A significant amount of work will also be undertaken on the ship's hull as well as its power and propulsion machinery. This includes a new coating of underwater paint, which will deliver greater operational efficiency and reduced fuel consumption, refurbishment of her diesel generators and replacement of shafts and propellers.
Captain Tim Chidley, Superintendent Fleet Maintenance at Portsmouth Naval Base, said:
"HMS Lancaster's refit shows how even well founded relationships can learn and be strengthened. Novel integrated approaches to planning the project, adopting a more structured approach to partnering and challenging ourselves to improve through innovation have given this project added momentum.

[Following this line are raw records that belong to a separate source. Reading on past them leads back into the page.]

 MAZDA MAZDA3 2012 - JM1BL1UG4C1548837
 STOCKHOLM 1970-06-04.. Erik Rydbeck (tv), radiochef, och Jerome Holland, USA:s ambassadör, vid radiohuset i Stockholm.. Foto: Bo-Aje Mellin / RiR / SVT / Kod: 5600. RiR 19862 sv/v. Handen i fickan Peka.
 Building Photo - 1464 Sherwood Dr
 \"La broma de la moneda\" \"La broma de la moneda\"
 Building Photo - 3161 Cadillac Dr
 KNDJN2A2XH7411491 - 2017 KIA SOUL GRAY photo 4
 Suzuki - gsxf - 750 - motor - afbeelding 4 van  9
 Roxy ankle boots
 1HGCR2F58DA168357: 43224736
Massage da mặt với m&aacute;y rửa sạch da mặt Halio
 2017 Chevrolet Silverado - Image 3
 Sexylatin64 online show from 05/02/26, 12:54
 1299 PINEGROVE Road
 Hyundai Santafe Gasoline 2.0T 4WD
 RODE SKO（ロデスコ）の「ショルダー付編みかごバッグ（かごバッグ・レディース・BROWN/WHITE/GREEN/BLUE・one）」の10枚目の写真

Getting all parties to look beyond 'the contract' to the ship's return to operations has fostered real focused enthusiasm at all levels around a common aim."
Barry Woolley, Head of the Ship Support Integrated Operations Team at BAE Systems, said:
"The work that we are now undertaking in partnership with the Royal Navy here in Portsmouth will boost the war fighting capability of HMS Lancaster to ensure that she returns to the fleet in 12 months, fighting fit and continues to deliver exceptional capability to the Royal Navy for years to come."
The project team conducted extensive surveys of the ship and her systems prior to the start of work in order to optimise planning and preparations for the refit. The project is expected to complete in March 2012, with HMS Lancaster set to return to the operational fleet later that month.